## [Items from a dataset]
/---

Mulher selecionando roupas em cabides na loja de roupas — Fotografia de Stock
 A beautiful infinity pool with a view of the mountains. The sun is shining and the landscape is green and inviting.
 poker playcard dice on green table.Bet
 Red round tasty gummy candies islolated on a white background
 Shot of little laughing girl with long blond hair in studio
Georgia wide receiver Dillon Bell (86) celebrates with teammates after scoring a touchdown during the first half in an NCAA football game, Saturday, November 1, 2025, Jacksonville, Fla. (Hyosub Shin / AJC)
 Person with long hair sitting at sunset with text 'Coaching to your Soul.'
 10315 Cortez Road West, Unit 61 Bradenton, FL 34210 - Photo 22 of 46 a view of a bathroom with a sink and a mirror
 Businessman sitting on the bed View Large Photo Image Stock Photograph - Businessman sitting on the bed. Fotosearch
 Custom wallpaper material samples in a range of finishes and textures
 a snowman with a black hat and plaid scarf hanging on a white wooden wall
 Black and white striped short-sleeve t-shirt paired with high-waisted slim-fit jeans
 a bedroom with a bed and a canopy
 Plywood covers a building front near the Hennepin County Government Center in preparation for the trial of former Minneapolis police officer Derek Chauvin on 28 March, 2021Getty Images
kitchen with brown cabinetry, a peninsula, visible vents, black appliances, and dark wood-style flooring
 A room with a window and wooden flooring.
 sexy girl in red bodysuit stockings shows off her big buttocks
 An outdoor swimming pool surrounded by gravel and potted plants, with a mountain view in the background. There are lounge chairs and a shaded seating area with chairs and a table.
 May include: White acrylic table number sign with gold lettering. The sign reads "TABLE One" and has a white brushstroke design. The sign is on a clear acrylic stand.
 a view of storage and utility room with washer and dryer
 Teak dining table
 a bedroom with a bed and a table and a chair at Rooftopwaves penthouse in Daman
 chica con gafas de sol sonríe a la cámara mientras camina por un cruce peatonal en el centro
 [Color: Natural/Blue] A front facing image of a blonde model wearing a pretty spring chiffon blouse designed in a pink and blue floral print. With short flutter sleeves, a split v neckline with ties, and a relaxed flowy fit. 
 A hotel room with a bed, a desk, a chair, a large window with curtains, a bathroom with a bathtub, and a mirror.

\---

## [About this exercise]
The answer should consist solely of the lines from the first line above through the one with "Shot of little", both included, repeated exactly.

## [Solution below]
Mulher selecionando roupas em cabides na loja de roupas — Fotografia de Stock
 A beautiful infinity pool with a view of the mountains. The sun is shining and the landscape is green and inviting.
 poker playcard dice on green table.Bet
 Red round tasty gummy candies islolated on a white background
 Shot of little laughing girl with long blond hair in studio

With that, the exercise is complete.